My recent philosophical musings along with Ben Hale’s suggestion that climate change conflicts can partially be explained in terms of philosophy has got me wondering. What, exactly, are the relevant philosophical ideas that scientists should know? I’m clearly biased, but I think disunity is a pretty key idea. I don’t completely understand why we speak of science as if it’s one thing that follows a single set of rules. Methodological diversity is rarely if ever discussed.

The difficulty (if not impossibility) of demarcating science from non-science and the limits of falsification also deserve more attention. I’ve engaged in and witnessed enough debates over the definition of science to realize how uninformed most of us (myself included) are on these matters. Check out the comment thread on this old Prometheus post to see how heated the debate can get.

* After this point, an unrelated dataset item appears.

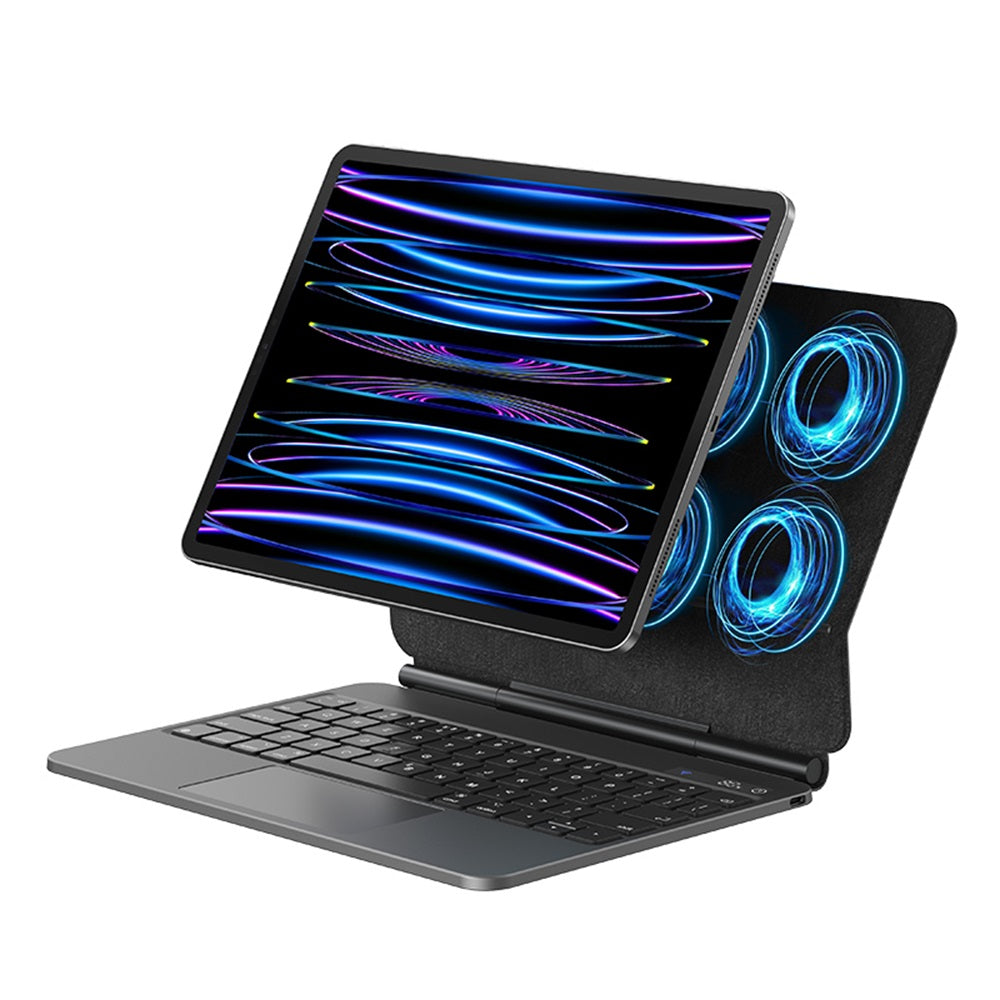 USAMS US-BH875 Digital Display Keyboard Case for iPad Air / Pro 11"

The subjective nature of these debates is, I believe, the most important lesson from all this. There are simply no clear data telling us how we should define science and what constitutes persuasive evidence. Oftentimes the answer depends on the questions we’re interested in and there can be reasonable disagreement. In the end, there are few scientific answers to questions about science.

Categories: Philosophy
  1. Mark
    March 22, 2010 at 7:48 pm

    I agree entirely.

    Mind you, the fact that there can be reasonable disagreement does not imply all disagreement is reasonable. But I don’t have to tell a philosopher that…

    Great blog. I came to it from http://cruelmistress.wordpress.com/

    • March 22, 2010 at 9:55 pm

      Hi Mark. Thanks so much for your kind comments. I will do my best to keep up the blogging! Right now I aim for 3 – 5 posts per week. Please return often to let me know what you think.